Concepedia

TLDR

Landscape genetics seeks to link environmental features to population genetic structure, yet efficient methods for detecting genetic discontinuities are lacking. The article clarifies the conceptual framework for spatial modeling of genetic data. A Bayesian MCMC model treats sampled individuals as a spatial mixture of panmictic populations, using colored Voronoi tessellation to locate discontinuities, quantify spatial dependence, estimate the number of populations, assign individuals, and detect migrants, and is validated on simulated data. The method performs well on simulated datasets across a range of differentiation levels and successfully identifies population structure and migration in an 88‑individual wolverine sample.

Abstract

Landscape genetics is a new discipline that aims to provide information on how landscape and environmental features influence population genetic structure. The first key step of landscape genetics is the spatial detection and location of genetic discontinuities between populations. However, efficient methods for achieving this task are lacking. In this article, we first clarify what is conceptually involved in the spatial modeling of genetic data. Then we describe a Bayesian model implemented in a Markov chain Monte Carlo scheme that allows inference of the location of such genetic discontinuities from individual geo-referenced multilocus genotypes, without a priori knowledge on populational units and limits.

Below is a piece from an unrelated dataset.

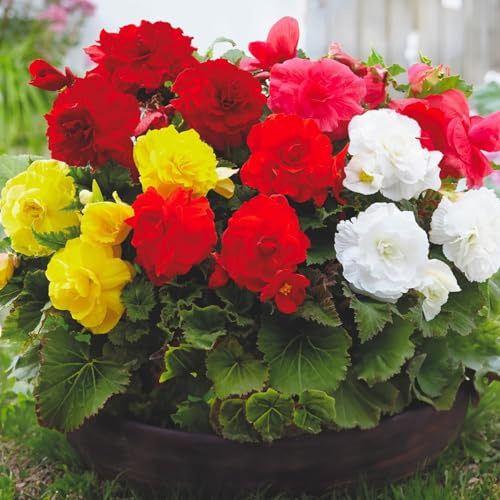 Bulbos de BEGONIA | Bulbos de los mejores productores holandeses | Selección exclusiva y control de calidad | Floración garantizada. (5 Bulbos de Begonia Doble Mezcla)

In this method, the global set of sampled individuals is modeled as a spatial mixture of panmictic populations, and the spatial organization of populations is modeled through the colored Voronoi tessellation. In addition to spatially locating genetic discontinuities, the method quantifies the amount of spatial dependence in the data set, estimates the number of populations in the studied area, assigns individuals to their population of origin, and detects individual migrants between populations, while taking into account uncertainty on the location of sampled individuals. The performance of the method is evaluated through the analysis of simulated data sets. Results show good performances for standard data sets (e.g., 100 individuals genotyped at 10 loci with 10 alleles per locus), with high but also low levels of population differentiation (e.g., FST<0.05). The method is then applied to a set of 88 individuals of wolverines (Gulo gulo) sampled in the northwestern United States and genotyped at 10 microsatellites.